Closed Bug 1051986 Opened 11 years ago Closed 11 years ago

[mozdevice] Make B2GDeviceRunner's stop method kill the remote process instead of the initial adb process

Tracking

(Not tracked)

Status:

RESOLVED FIXED

Milestone:

mozilla35

People

(Reporter: davehunt, Assigned: davehunt)

References

Details

Attachments

(1 file, 7 obsolete files)

Kill the correct b2g process on device. v1.0 11 years ago Dave Hunt [:davehunt] [he/him] ⌚BST 1.63 KB, patch	ahal : review+	Details \| Diff \| Splinter Review
Kill the correct b2g process on device. v1.1 11 years ago Dave Hunt [:davehunt] [he/him] ⌚BST 2.55 KB, patch	davehunt : review+	Details \| Diff \| Splinter Review
Kill the correct b2g process on device. v1.2 11 years ago Dave Hunt [:davehunt] [he/him] ⌚BST 3.85 KB, patch	ahal : review+	Details \| Diff \| Splinter Review
Kill the correct b2g process on device. v1.3 11 years ago Dave Hunt [:davehunt] [he/him] ⌚BST 5.93 KB, patch		Details \| Diff \| Splinter Review
Kill the correct b2g process on device. v1.4 11 years ago Dave Hunt [:davehunt] [he/him] ⌚BST 6.72 KB, patch	ahal : review-	Details \| Diff \| Splinter Review
Kill the correct b2g process on device. v1.5 11 years ago Dave Hunt [:davehunt] [he/him] ⌚BST 6.00 KB, patch		Details \| Diff \| Splinter Review
Kill the correct b2g process on device. v1.6 11 years ago Dave Hunt [:davehunt] [he/him] ⌚BST 6.23 KB, patch	ahal : review+	Details \| Diff \| Splinter Review
Kill the correct b2g process on device. v1.7 11 years ago Dave Hunt [:davehunt] [he/him] ⌚BST 5.54 KB, patch	ahal : review+	Details \| Diff \| Splinter Review

Dave Hunt [:davehunt] [he/him] ⌚BST

Assignee

Description

•

11 years ago

Currently the stop method on a B2GDeviceRunner instance will kill the remote_binary process, which is '/system/bin/b2g.sh'. The remote process is actually '/system/b2g/b2g', and a kill on the remote_binary is not producing a crash report. We should create a new stop method that first kills the remote process, and then kills the remote_binary. I have tested this locally and am able to produce crash reports.

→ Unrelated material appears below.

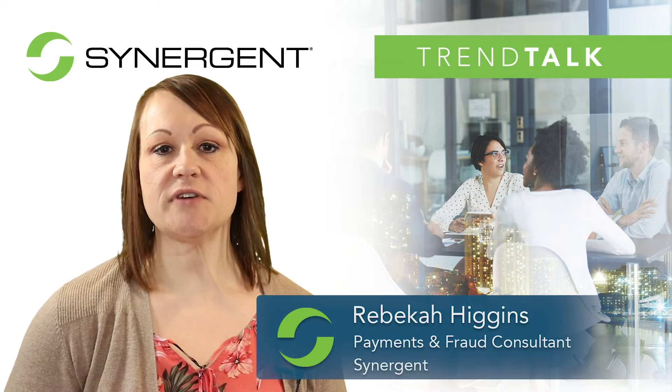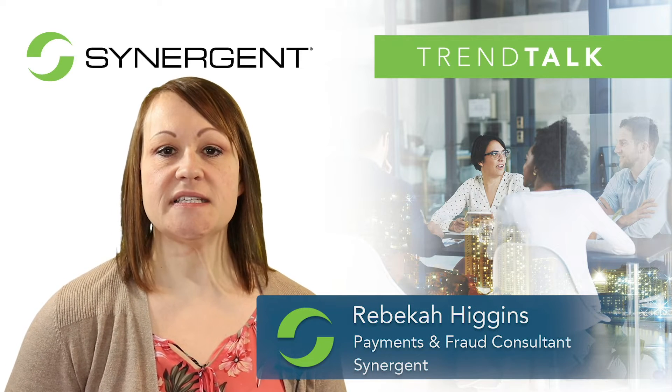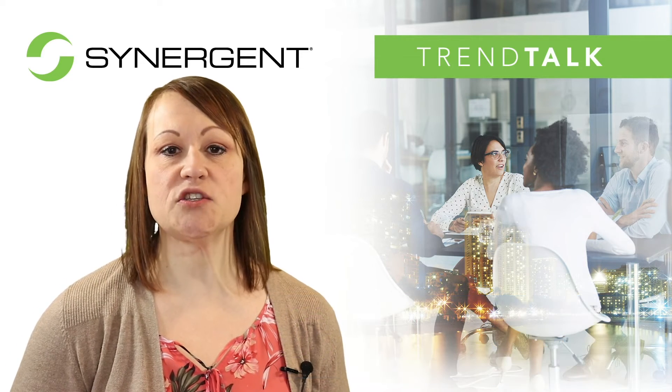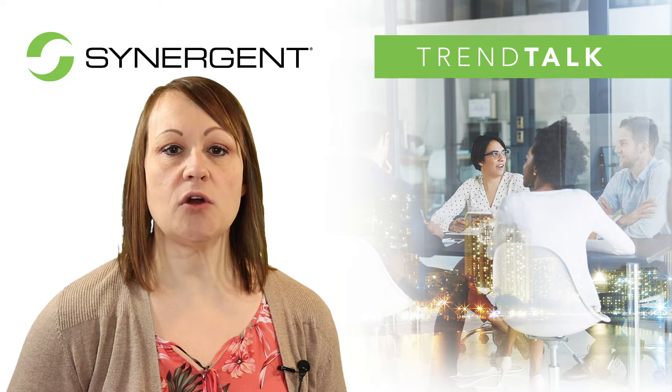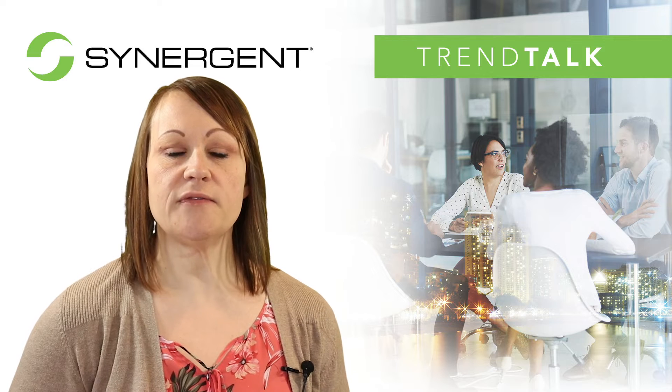Hi, I'm Rebecca Higgins and welcome to Trend Talk. Convenience, simplicity, and speed are all factors that consumers evaluate as they look at new products and services, with loan payments being no exception to these standards. Here are a few points to consider.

Dave Hunt [:davehunt] [he/him] ⌚BST

Assignee

Updated

•

11 years ago

OS: Mac OS X → Gonk (Firefox OS)

Hardware: x86 → ARM

Dave Hunt [:davehunt] [he/him] ⌚BST

Assignee

Comment 1

•

11 years ago

Attached patch Kill the correct b2g process on device. v1.0 (obsolete) — Details — Splinter Review

Assignee: nobody → dave.hunt

Status: NEW → ASSIGNED

Attachment #8470931 - Flags: review?(ahalberstadt)

Andrew Halberstadt [:ahal]

Comment 2

•

11 years ago

Comment on attachment 8470931 [details] [diff] [review] Kill the correct b2g process on device. v1.0 Review of attachment 8470931 [details] [diff] [review]: ----------------------------------------------------------------- Thanks! r+ with comments addressed. ::: testing/mozbase/mozrunner/mozrunner/base/device.py @@ +96,5 @@ > if not self.device.wait_for_net(): > raise Exception("Failed to get a network connection") > > + def stop(self, sig=None): > + sig = sig or signal.SIGABRT I feel like SIGKILL should be the default (which mozdevice should already do if you just pass in None). @@ +114,5 @@ > if not self.app_ctx.dm.processExist(self.app_ctx.remote_process): > break > time.sleep(1) > else: > print("timed out waiting for '%s' process to exit" % self.app_ctx.remote_process) I think this while loop should also get moved into stop(). Seems like there is less of a chance for race conditions that way.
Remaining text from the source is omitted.